Elle explique qu'elle est propriétaire des 2 sites Internet et qu'elle a confié à la société HORIZON le soin de développer essentiellement le référencement du site « latabledexamen.com », l'autre site étant plus ancien et profitant déjà d'une notoriété sur le Web. Or elle a constaté la défaillance de la société prestataire de services et a été contrainte de mettre fin à leur relation d'affaires.
Elle fait valoir que le contrat conclu avec la société CORHOFI a un objet indéterminé ou indéterminable au sens de l'article 1163 du Code civil, qu'il ne peut s'agir ni d'une location ni d'une création de site puisque les sites préexistaient et que les termes vagues employés dans le formulaire contractuel ne permettent pas de cerner la prestation promise. Elle demande en conséquence de prononcer l'annulation du contrat et compte tenu de l'interdépendance de l'ensemble contractuel, la caducité du contrat conclu avec la société HORIZON.

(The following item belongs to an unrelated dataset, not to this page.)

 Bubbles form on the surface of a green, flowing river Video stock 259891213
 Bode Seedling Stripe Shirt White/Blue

À titre subsidiaire, elle soutient que la société HORIZON n'a pas rempli ses obligations contractuelles de modification structurelle des sites, qu'il y a des bugs incessants sur l'application Prestashop, qu'elle n'a mis aucun moyen en œuvre pour améliorer le référencement et la gestion de la campagne adwords et qu'elle est défaillante dans le suivi et la gestion des sites. Elle demande la résiliation du contrat aux torts exclusifs de la société HORIZON, la caducité du contrat conclu avec la société CORHOFI, la restitution des loyers indûment versés à hauteur de 19.296 € et des frais de recouvrement (80€) ainsi qu'un manque à gagner évalué à 50.000 € par an, soit 150.000 € au total.

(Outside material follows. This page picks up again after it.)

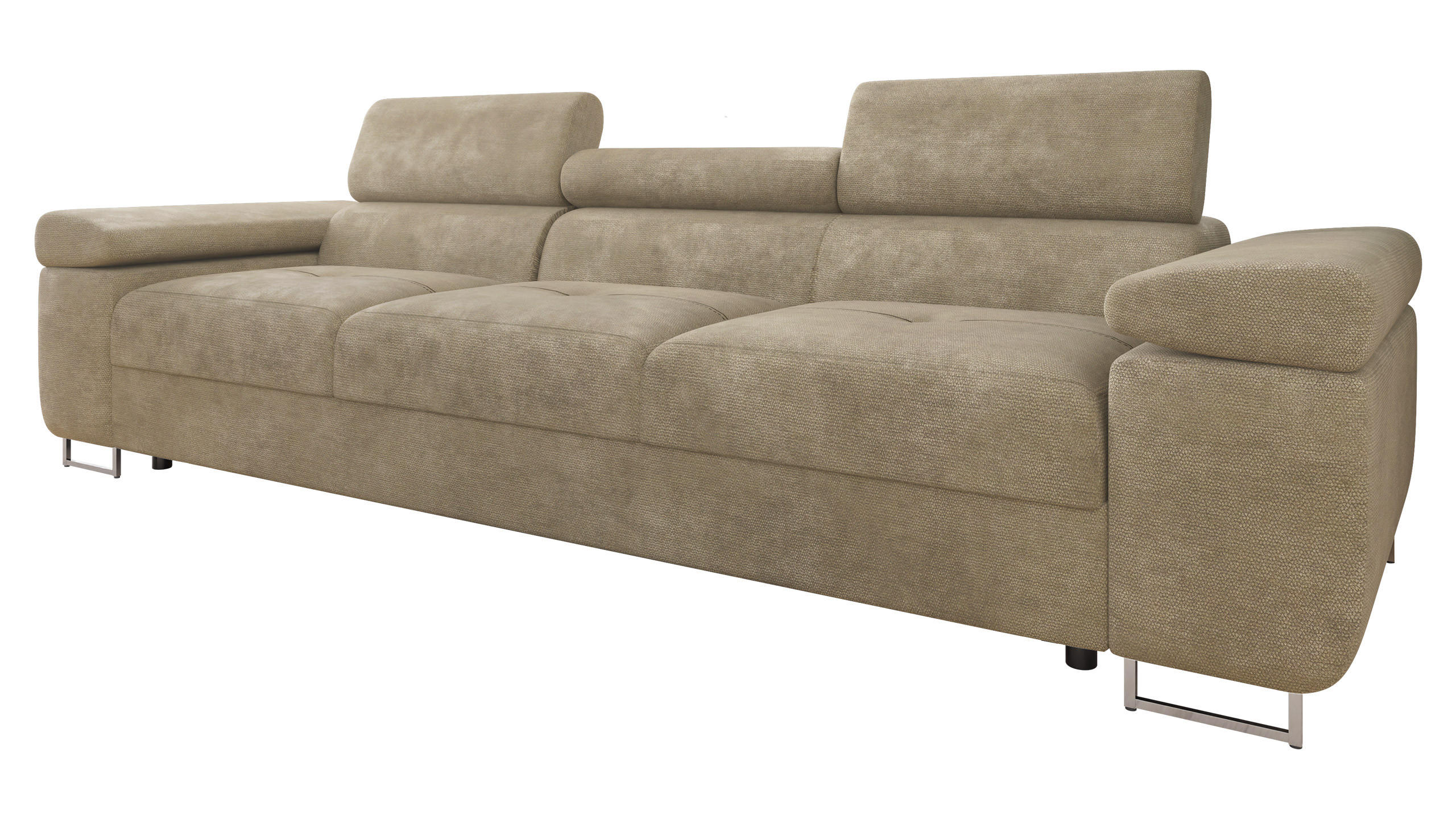 SOFA Torezio 3 - Sandfarben, Holz/Textil (263/90/102cm) - MIRJAN24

Elle soutient que la société CORHOFI ne peut se prévaloir de bonne foi de la clause résolutoire prévue au contrat car elle avait connaissance des bugs affectant les sites Internet et de l'inexécution de ses obligations contractuelles par la société HORIZON. Elle fait valoir en outre que la clause résolutoire prévue à l'article 13 du contrat liant la société CLEDICAL et la société CORHOFI crée un déséquilibre significatif à son détriment en sorte que la clause doit être réputée non écrite en application de l'article 1171 du Code civil.

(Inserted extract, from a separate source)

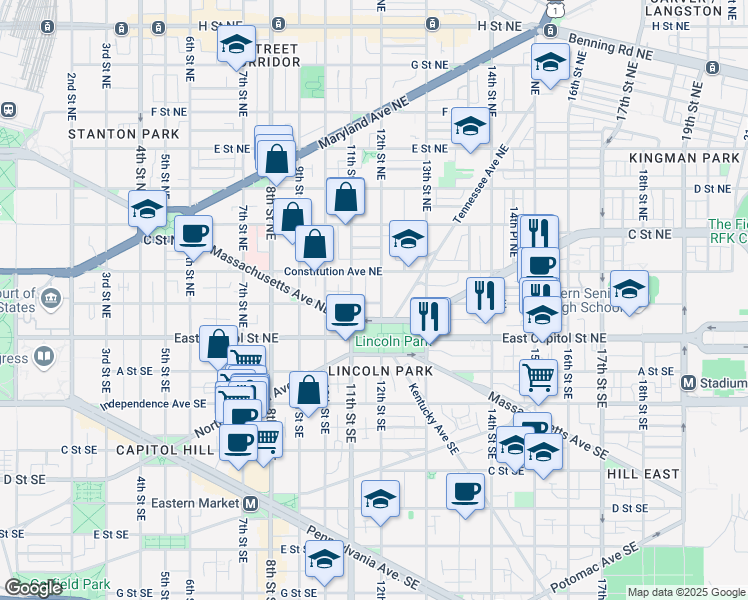 map of restaurants, bars, coffee shops, grocery stores, and more near 101 Independence Avenue Southeast in Washington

Enfin si des condamnations étaient mises à sa charge, elle demande à être entièrement relevée et garantie par la société HORIZON.
[*]
La société HORIZON a conclu le 16 décembre 2022. Elle demande :
A titre principal
- de confirmer le jugement rendu le 4 avril 2022 par le tribunal de commerce de Toulouse en toutes ses dispositions
- de débouter la société CLEDICAL de l'ensemble de ses demandes, fins et prétentions
A titre subsidiaire, si le contrat conclu entre les sociétés CLEDICAL et CORHOFI était anéanti :
- d'ordonner la compensation des créances entre les parties à la procédure
- de condamner la société CORHOFI à restituer des loyers reçus de la société CLEDICAL à la société HORIZON, soit la somme de 38.592 € TTC représentant 48 mensualités (à compenser avec la créance de restitution au titre de la facture n° 2106 du 8 novembre 2018)
- de confirmer le jugement en toutes ses dispositions pour le surplus
- de condamner tout succombant à payer à la société HORIZON la somme de 3.000 € au titre de l'article 700 du code de procédure civile ainsi qu'aux entiers dépens.
Elle fait valoir à titre principal, que le contrat de location est intervenu aux fins de financer les prestations qu'elle a effectuées dans le cadre de la convention, que son objet correspond aux prestations qui y sont définies et qu'il n'est pas dépourvu d'objet.
À titre subsidiaire, elle soutient que l'éventuelle nullité du contrat a été couverte par l'effet de la confirmation tacite puisque la société CLEDICAL a exécuté volontairement l'obligation éventuellement annulable pendant plus d'un an et demi.
Si la cour venait à prononcer la nullité du contrat de financement, elle prétend que l'annulation du contrat ne rend pas impossible l'exécution de la convention de prestations de services qui entraîne seulement pour l'appelante une substitution de créancier et une compensation des sommes dues entre les parties.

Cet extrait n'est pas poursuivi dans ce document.